Uma vez definido o que são as forma métricas mais aptas para o vulgar ilustre,

deixando de lado sonetos e baladas, Dante passa a descrever as regras necessárias para a arte

das canções: essas foram escritas pelos verdadeiros poetas. A diferença entre os grandes

poetas e os menores é que os primeiros seguiram regras e línguas regulares, e os segundos

poetaram casualmente: por conseguinte, quanto mais se emularão os primeiros, tanto melhor

poetar-se-á. Para isso, precisa ter a capacidade de escolher um estilo idôneo, entre o trágico, o

cômico e o elegíaco. O estilo trágico, que é o mais alto, é intimamente ligado à nobreza da

canção e do vulgar; o estilo cômico é ligado a um vulgar inferior, medíocre ou humilde;

enfim, para usar a forma elegíaca, deve-se usar um vulgar humilde.
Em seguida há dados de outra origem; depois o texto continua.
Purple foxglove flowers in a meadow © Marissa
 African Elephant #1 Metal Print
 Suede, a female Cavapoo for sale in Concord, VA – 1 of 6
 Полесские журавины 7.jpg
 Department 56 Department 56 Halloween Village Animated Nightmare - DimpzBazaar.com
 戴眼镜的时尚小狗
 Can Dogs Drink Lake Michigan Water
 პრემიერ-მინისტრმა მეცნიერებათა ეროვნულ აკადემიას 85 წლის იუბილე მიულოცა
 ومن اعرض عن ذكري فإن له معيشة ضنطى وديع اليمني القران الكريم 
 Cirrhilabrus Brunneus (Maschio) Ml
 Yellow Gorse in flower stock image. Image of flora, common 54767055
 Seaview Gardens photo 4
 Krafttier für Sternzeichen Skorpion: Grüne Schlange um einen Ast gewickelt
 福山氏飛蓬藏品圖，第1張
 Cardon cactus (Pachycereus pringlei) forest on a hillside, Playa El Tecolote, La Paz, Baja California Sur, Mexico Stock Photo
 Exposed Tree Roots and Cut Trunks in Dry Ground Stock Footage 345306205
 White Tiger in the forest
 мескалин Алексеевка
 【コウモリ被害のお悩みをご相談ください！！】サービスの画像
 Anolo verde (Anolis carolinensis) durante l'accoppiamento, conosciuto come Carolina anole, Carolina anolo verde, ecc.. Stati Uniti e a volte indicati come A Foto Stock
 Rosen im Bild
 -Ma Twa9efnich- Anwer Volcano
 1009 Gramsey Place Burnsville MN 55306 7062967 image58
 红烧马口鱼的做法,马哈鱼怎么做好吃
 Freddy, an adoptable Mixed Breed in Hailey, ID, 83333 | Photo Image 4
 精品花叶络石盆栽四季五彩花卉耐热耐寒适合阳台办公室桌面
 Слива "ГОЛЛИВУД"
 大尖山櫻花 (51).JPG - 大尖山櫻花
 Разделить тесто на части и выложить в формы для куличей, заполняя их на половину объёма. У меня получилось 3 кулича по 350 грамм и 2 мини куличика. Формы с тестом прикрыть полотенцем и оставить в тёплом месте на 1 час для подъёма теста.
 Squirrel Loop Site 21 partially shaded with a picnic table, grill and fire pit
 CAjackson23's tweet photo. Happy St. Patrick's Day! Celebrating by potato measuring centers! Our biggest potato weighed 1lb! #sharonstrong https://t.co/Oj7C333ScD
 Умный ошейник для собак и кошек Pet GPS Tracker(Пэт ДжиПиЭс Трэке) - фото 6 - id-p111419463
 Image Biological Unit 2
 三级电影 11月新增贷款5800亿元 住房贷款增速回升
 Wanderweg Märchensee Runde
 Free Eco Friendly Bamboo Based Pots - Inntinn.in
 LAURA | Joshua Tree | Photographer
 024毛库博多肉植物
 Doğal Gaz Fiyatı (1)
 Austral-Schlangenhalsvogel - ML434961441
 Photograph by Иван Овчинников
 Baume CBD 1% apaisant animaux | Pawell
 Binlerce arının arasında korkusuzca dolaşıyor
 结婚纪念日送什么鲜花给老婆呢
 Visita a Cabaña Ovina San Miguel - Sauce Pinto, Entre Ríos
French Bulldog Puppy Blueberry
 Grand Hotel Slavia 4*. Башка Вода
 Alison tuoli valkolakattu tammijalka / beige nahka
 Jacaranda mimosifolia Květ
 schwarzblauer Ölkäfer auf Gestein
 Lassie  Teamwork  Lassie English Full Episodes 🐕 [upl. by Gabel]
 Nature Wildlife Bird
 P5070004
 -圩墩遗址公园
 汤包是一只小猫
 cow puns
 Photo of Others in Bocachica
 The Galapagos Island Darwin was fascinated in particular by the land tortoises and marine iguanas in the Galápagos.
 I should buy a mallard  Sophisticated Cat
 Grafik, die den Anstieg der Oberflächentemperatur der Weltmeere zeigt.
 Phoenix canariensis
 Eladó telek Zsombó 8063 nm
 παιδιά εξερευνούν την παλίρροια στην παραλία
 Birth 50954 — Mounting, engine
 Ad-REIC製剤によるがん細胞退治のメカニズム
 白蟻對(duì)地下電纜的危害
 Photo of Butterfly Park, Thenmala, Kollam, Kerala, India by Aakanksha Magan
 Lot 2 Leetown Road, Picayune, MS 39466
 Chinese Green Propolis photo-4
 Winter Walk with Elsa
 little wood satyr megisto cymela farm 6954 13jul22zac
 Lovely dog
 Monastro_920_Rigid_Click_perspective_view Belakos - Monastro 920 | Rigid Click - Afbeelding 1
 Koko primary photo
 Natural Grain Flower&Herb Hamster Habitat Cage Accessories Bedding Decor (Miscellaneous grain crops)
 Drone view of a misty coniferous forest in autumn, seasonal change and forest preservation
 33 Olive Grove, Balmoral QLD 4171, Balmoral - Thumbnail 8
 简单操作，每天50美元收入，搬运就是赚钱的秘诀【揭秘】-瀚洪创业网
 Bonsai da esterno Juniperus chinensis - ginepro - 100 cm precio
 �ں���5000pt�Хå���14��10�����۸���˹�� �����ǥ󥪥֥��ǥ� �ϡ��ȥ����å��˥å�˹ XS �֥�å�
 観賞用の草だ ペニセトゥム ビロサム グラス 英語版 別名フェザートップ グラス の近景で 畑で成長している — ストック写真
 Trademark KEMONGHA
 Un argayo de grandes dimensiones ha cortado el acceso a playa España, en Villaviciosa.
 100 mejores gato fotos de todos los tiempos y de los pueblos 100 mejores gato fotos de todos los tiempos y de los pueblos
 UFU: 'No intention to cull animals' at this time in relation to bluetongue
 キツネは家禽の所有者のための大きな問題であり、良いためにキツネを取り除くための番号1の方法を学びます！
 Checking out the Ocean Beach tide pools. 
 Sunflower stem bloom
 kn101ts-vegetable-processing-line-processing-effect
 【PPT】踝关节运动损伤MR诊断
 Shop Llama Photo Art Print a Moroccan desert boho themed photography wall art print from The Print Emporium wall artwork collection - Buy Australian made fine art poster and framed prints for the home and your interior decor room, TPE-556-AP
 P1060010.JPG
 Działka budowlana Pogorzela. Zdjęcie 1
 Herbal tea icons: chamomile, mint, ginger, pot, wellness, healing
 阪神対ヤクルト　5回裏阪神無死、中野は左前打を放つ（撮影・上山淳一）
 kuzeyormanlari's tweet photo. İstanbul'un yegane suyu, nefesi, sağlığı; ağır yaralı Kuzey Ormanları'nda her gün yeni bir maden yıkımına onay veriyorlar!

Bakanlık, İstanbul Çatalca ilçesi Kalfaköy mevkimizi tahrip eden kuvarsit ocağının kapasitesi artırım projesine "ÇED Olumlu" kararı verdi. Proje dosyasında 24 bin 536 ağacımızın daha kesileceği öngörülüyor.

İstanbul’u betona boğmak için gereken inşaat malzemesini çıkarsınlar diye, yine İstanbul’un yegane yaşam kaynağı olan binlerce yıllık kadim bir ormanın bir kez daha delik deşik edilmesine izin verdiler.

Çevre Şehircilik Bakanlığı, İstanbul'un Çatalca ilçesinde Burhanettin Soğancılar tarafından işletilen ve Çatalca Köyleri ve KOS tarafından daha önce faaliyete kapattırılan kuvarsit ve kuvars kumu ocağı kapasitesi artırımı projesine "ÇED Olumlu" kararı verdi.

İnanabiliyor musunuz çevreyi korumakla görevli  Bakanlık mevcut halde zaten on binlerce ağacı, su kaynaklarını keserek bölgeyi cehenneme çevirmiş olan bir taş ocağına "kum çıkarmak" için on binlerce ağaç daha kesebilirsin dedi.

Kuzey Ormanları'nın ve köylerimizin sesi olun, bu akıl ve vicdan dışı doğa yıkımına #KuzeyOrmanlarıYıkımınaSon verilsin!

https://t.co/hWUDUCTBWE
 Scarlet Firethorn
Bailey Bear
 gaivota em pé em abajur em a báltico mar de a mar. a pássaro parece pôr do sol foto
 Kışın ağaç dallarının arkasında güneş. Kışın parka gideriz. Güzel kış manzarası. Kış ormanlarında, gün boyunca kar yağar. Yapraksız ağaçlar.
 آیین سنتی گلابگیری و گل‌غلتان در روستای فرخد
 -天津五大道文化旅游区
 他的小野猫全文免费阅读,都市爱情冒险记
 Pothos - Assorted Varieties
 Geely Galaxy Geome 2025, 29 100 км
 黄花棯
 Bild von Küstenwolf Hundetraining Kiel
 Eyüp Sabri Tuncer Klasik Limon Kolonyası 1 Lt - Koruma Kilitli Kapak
Em estilo trágico, por

conseqüência, dever-se-á falar do que é mais profundo, de salvação, amor e virtude: somente

os cantores desses argumentos elevar-se-ão acima da massa dos que não têm engenho nem

cultura.

Dante fala depois sobre as várias medidas do verso, das quais a mais excelente é o

endecassílabo, que deve ser então usado nas canções, ou pelo menos no incipit, como fizeram

os grandes poetas, entre os quais inclui si mesmo. A elegância torna-se ainda maior quando

aos endecassílabos juntam-se os setenários: alguns outros versos podem ser elegantes, outros

devem ser evitados.

Na canção, também a construção da frase deve ser elegante. Não serve o tipo linear

muito simples, como o do estudante no início dos estudos que compõe uma frase elementar,

nem o usado nos exercícios nas escolas ou o elaborado por aqueles que conhecem

superficialmente as artes retóricas: é válida somente a construção dos dictatores ilustres, dos

ilustres escritores de arte, assim em prosa como em poesia, que “est et sapidus et venustus

etiam et excelsus”, tem gosto e é cheia de graça e no mesmo tempo é excelsa. Dante, para

ajudar a entender qual é seu pensamento sobre o estilo, percebendo a dificuldade do assunto,

utiliza como exemplos uma longa série de versos de diferentes poetas. Sugere que sejam lidos

também os grandes clássicos da literatura latina: são poetas que escreveram conforme as

179 “Signum autem horum que dicimus promptum in conspectu habetur; nam quicquid de cacuminibus illustriumcapitum poetantium profluxit ad labia, in solis cantionibus invenitur.”DVE, II iii 9.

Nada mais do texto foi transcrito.